*** SUPPLIED INFORMATION Section Begins ***

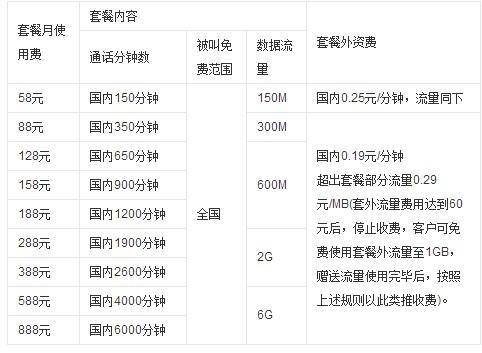 移动最便宜通话套餐：省钱攻略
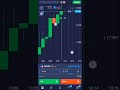 How I Win Trades on Quotex Daily | Best Quotex Strategy for Beginners 2026 | 1 Minute Quotex Profit🔥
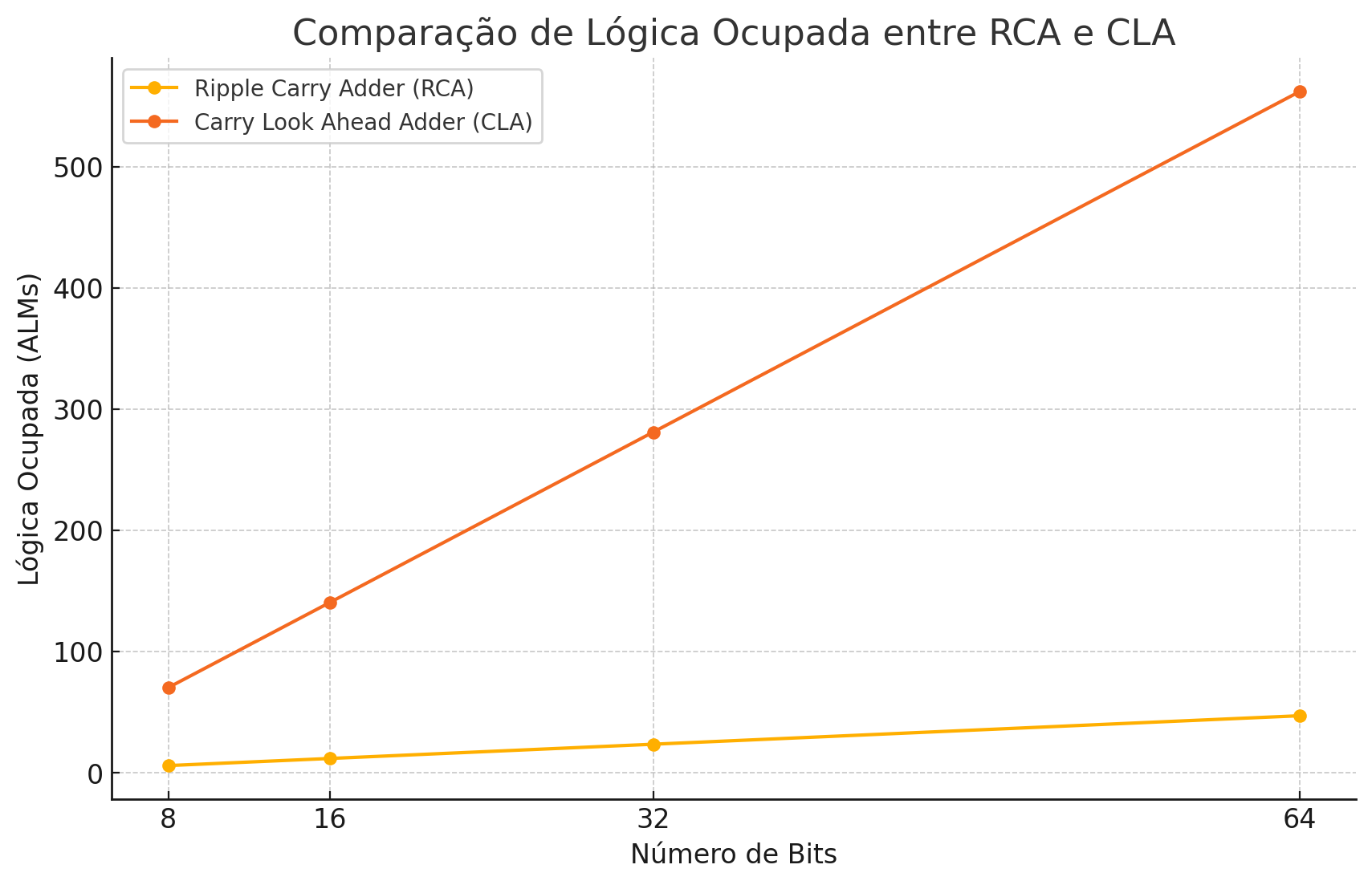 Gráfico Lógica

*** SUPPLIED INFORMATION Section Ends ***

**THE PROBLEM:** Copy the listing exactly. No images belong in the copy.

**OUTPUT:**
 移动最便宜通话套餐：省钱攻略
 How I Win Trades on Quotex Daily | Best Quotex Strategy for Beginners 2026 | 1 Minute Quotex Profit🔥
 Gráfico Lógica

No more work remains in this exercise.